START Working data

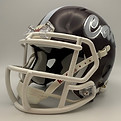 Clear Creek Wildcats HS (TX) 2024.jpg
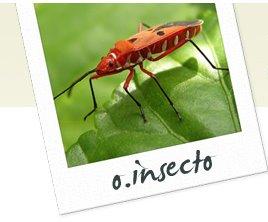 [OInsecto.JPG]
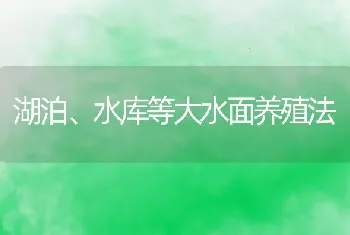 湖泊、水库等大水面养殖法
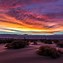 Image result for Pretty Sunset Landscape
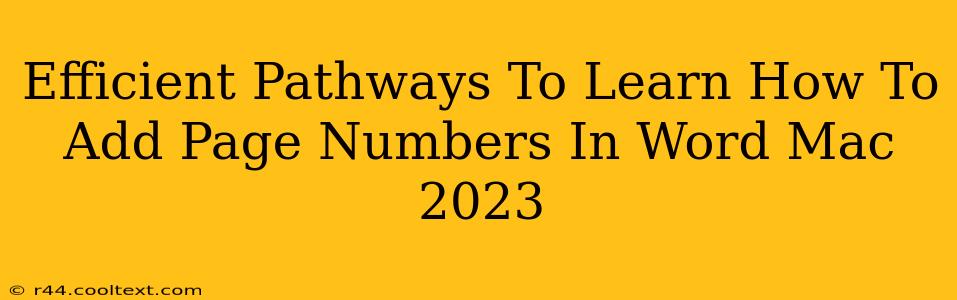 Efficient Pathways To Learn How To Add Page Numbers In Word Mac 2023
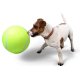 Giant XXL Tennis Ball Dog Toy 24cm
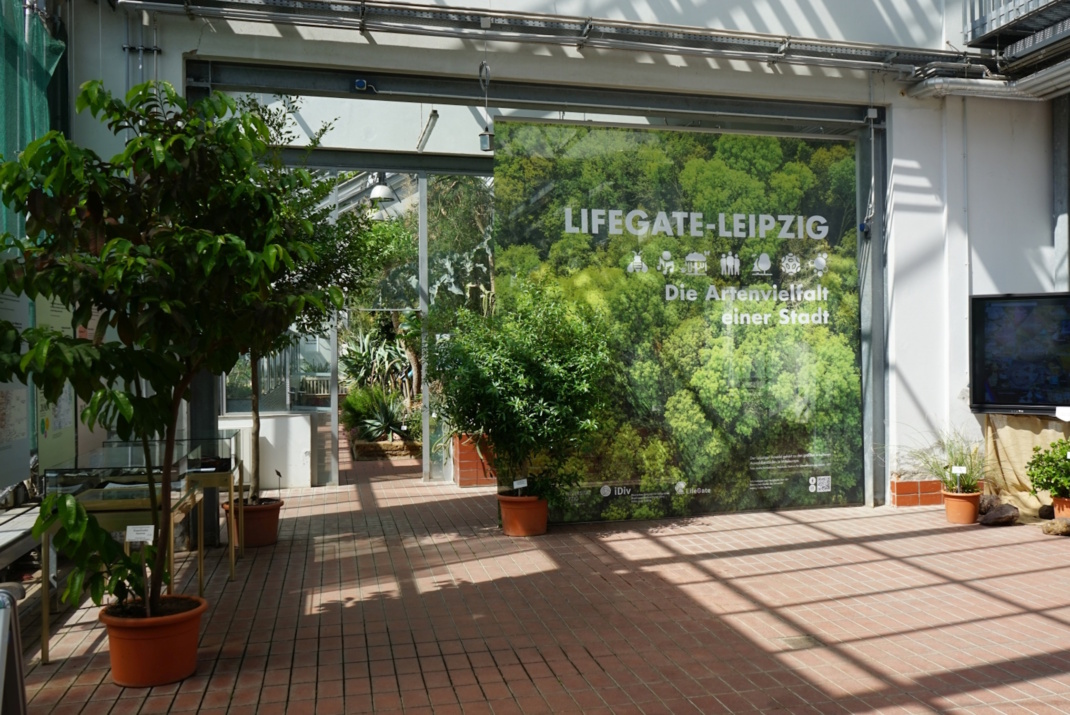 Die Ausstellung „LifeGate“.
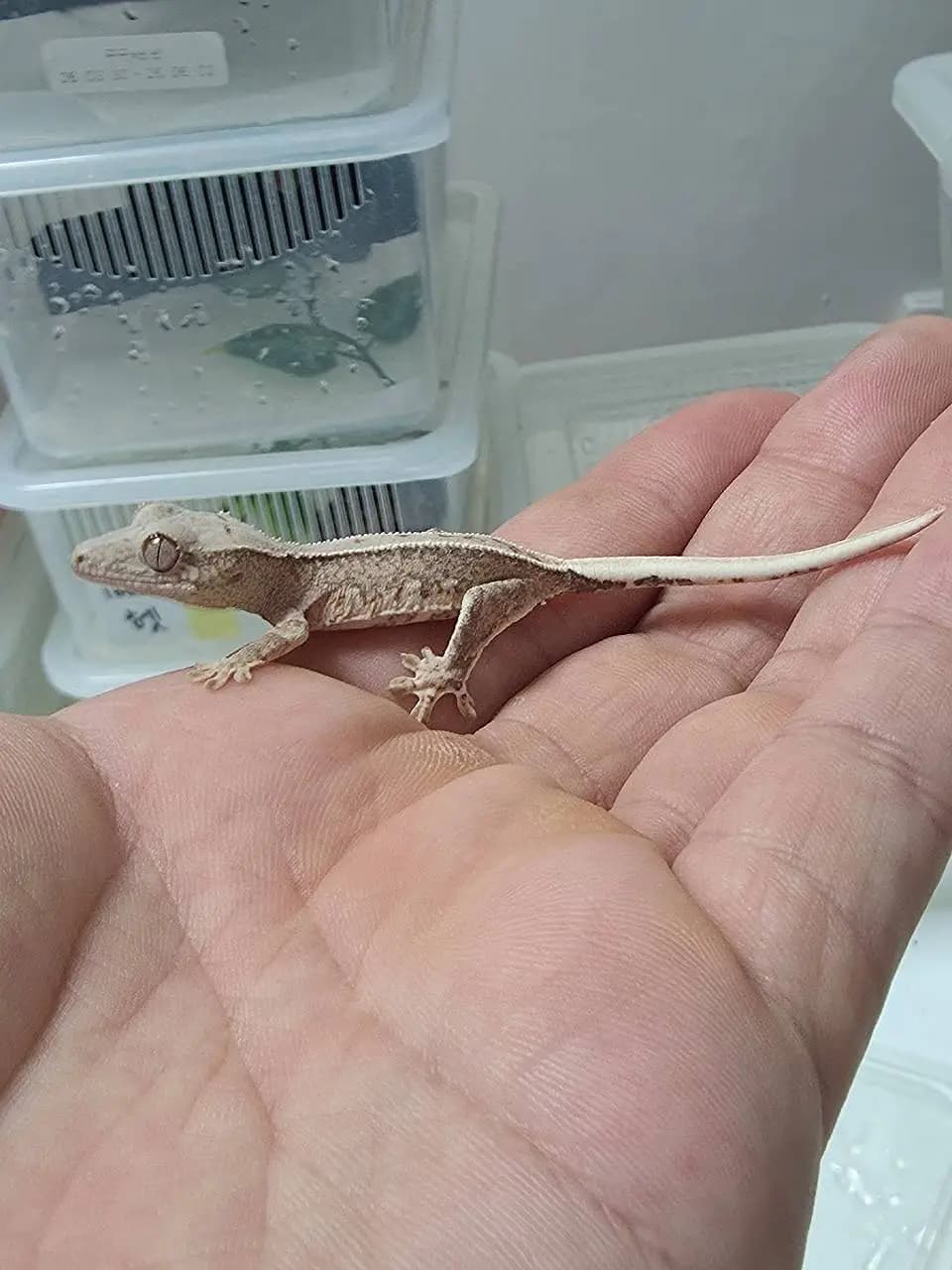 상품 이미지 2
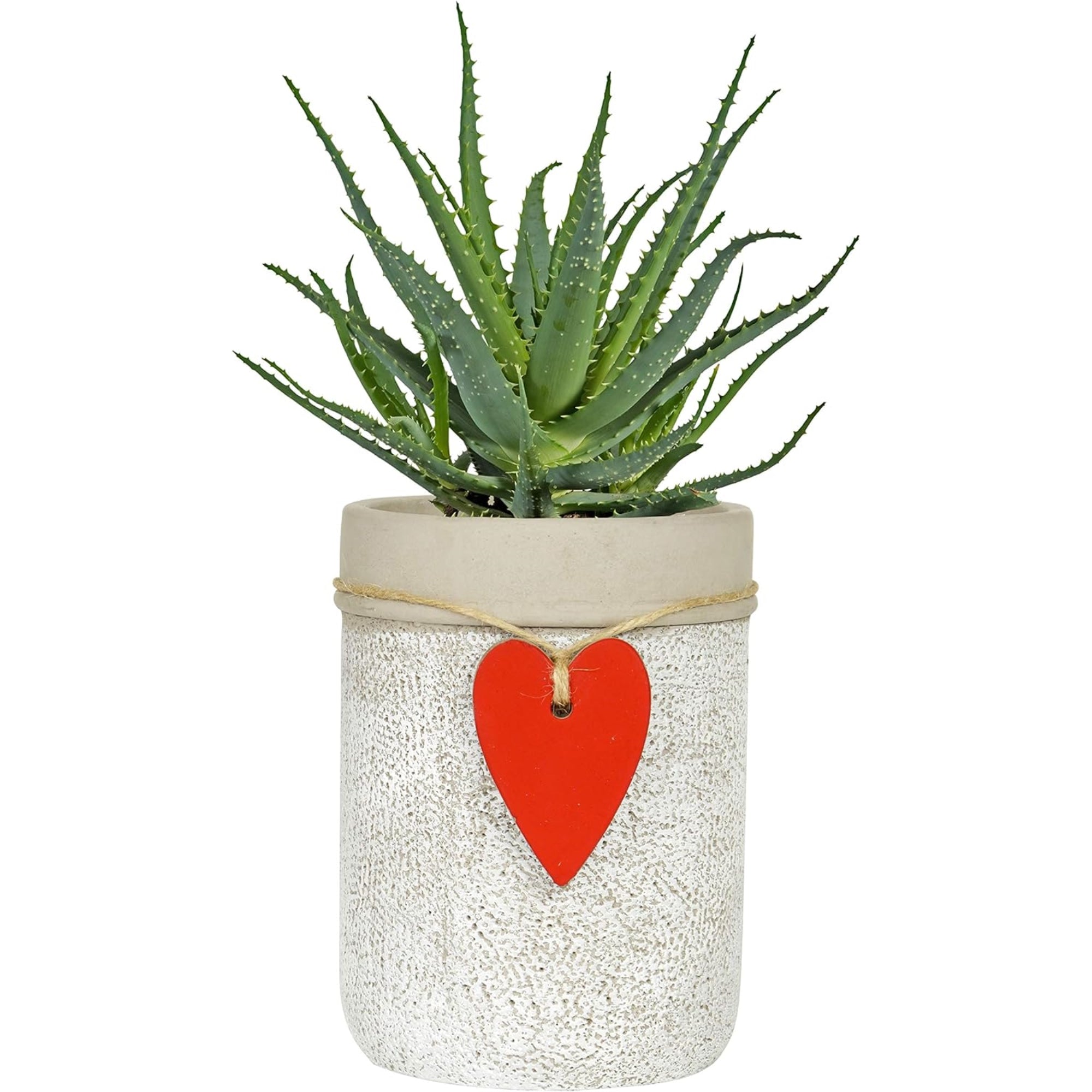 Classic Home and Garden Indoor or Outdoor Cement Heart Pot Planter, Whitewash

END Working data

(Assignment) Your copy should hold exactly and only the lines from the one containing "Efficient Pathways To" through the end of the material, inclusive, repeated word for word and without pictures.

(Response)
 Efficient Pathways To Learn How To Add Page Numbers In Word Mac 2023
 Giant XXL Tennis Ball Dog Toy 24cm
 Die Ausstellung „LifeGate“.
 상품 이미지 2
 Classic Home and Garden Indoor or Outdoor Cement Heart Pot Planter, Whitewash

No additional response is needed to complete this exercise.